Task item: Copy the records exactly, leaving out every picture.

■ ■ ■ ■ ■ ■ ■

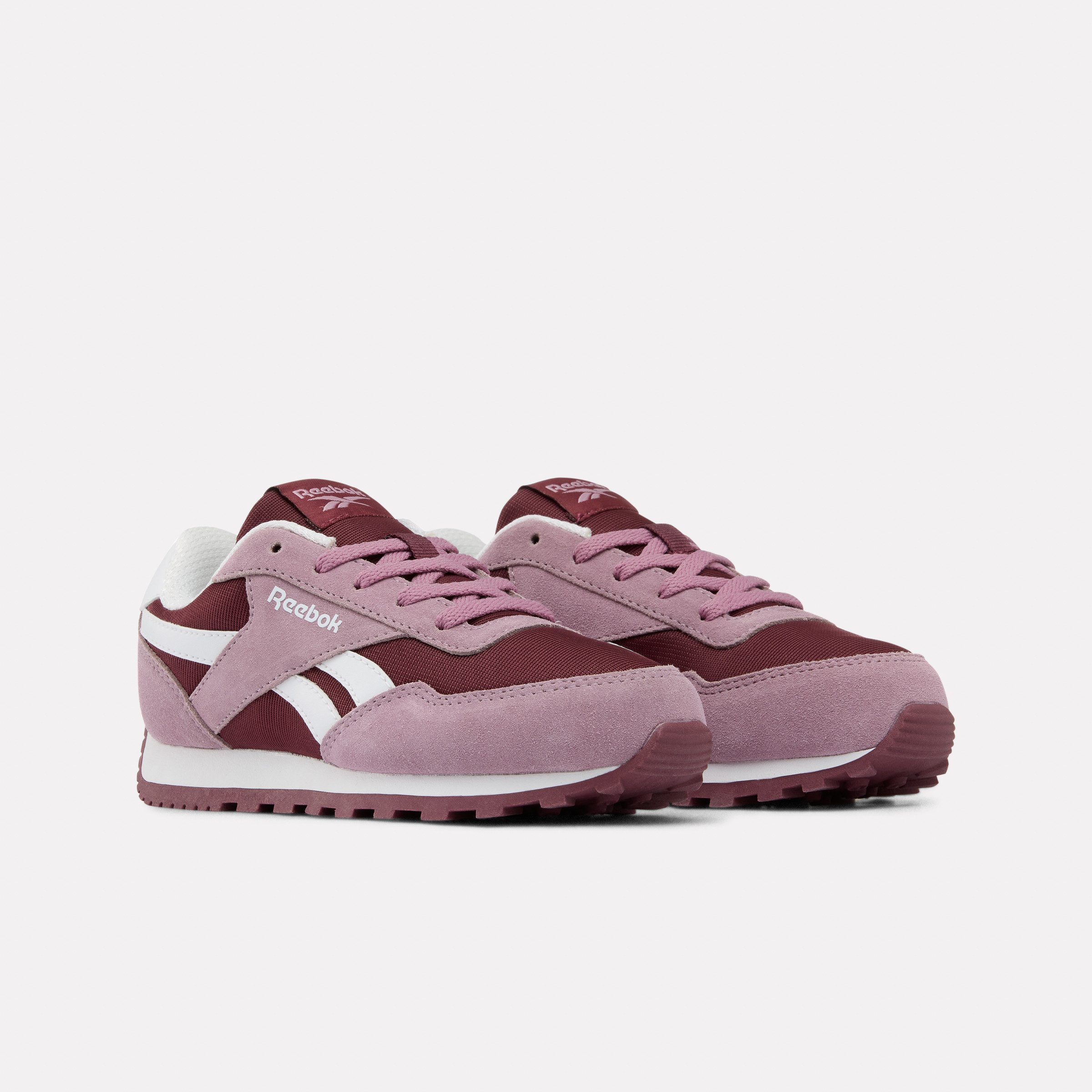 Reebok Classic REEBOK GLIDE LOW Sneaker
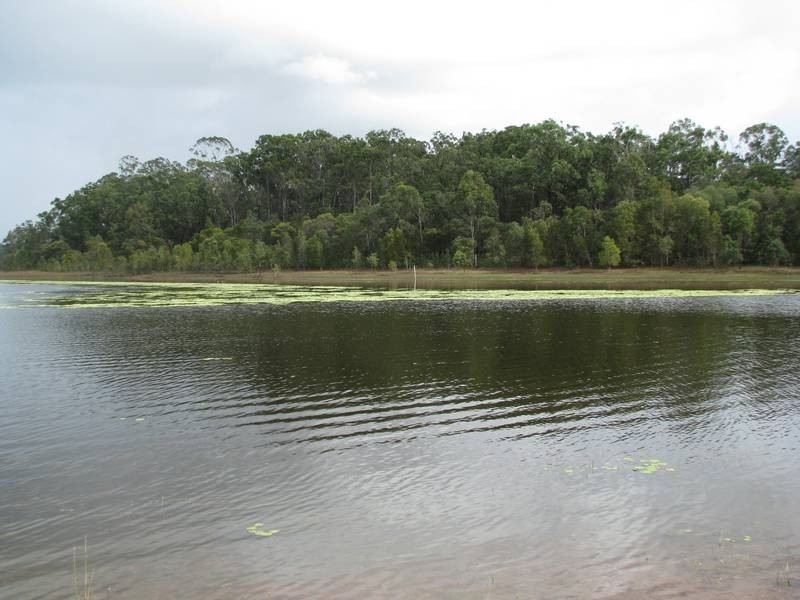 2 Nicholson Road, Kurwongbah QLD 4503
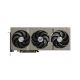2. Grafikkarte SAPPHIRE NITRO+ RX 9060 XT GAMING OC 16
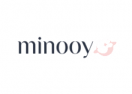 Minooy logo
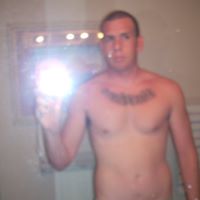 James Demaio Photo 16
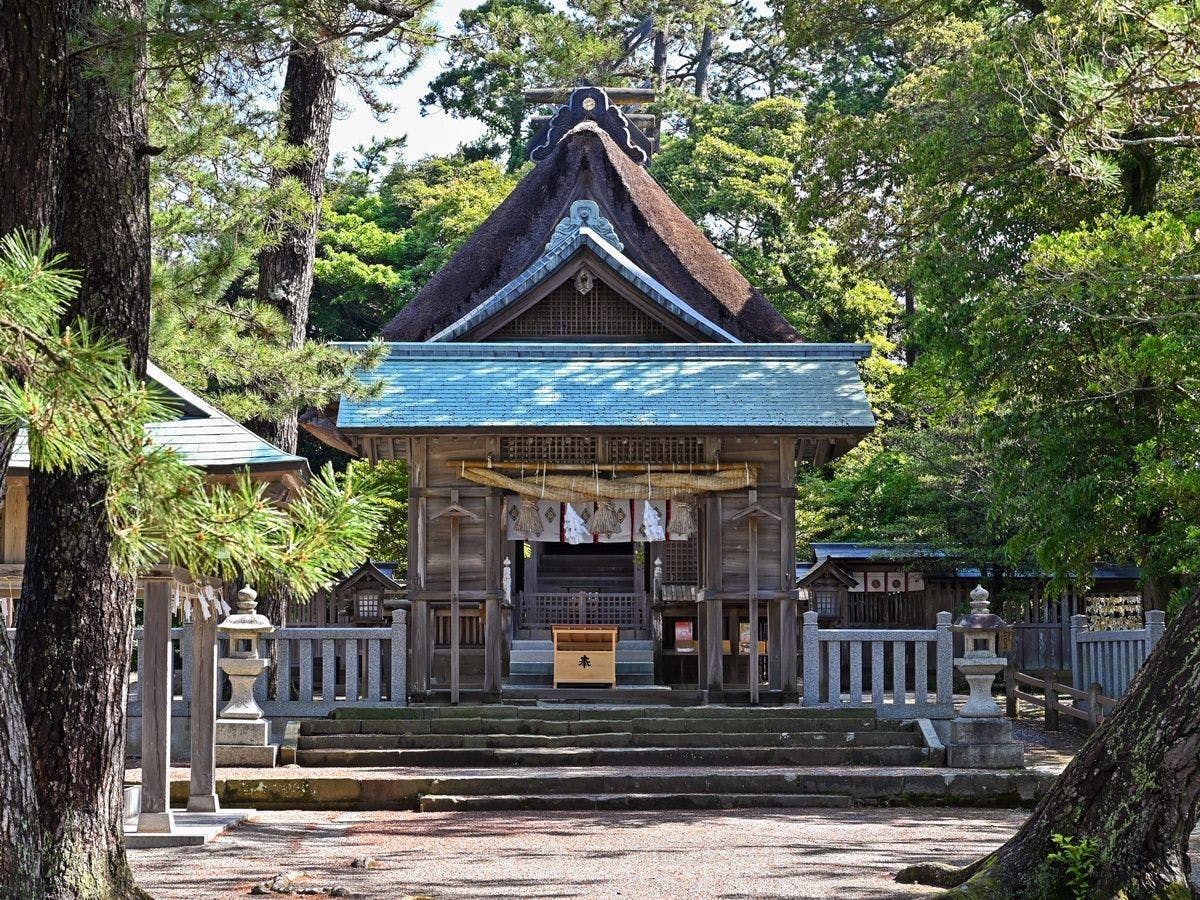 Hotel Umine no Sato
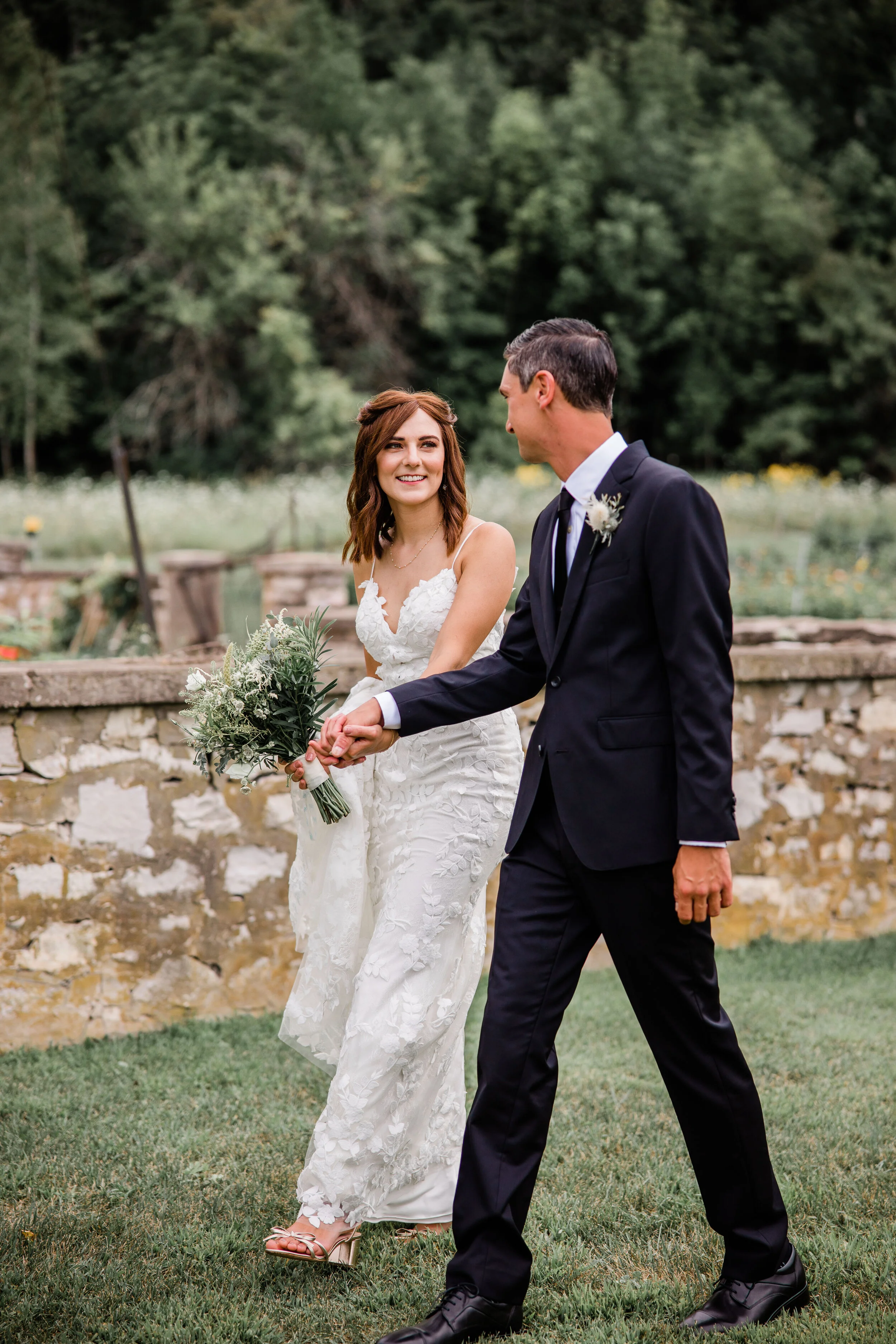 Aaron and Katie-56.jpg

■ ■ ■ ■ ■ ■ ■

Solution to the problem:
 Reebok Classic REEBOK GLIDE LOW Sneaker
 2 Nicholson Road, Kurwongbah QLD 4503
2. Grafikkarte SAPPHIRE NITRO+ RX 9060 XT GAMING OC 16
 Minooy logo
 James Demaio Photo 16
 Hotel Umine no Sato
 Aaron and Katie-56.jpg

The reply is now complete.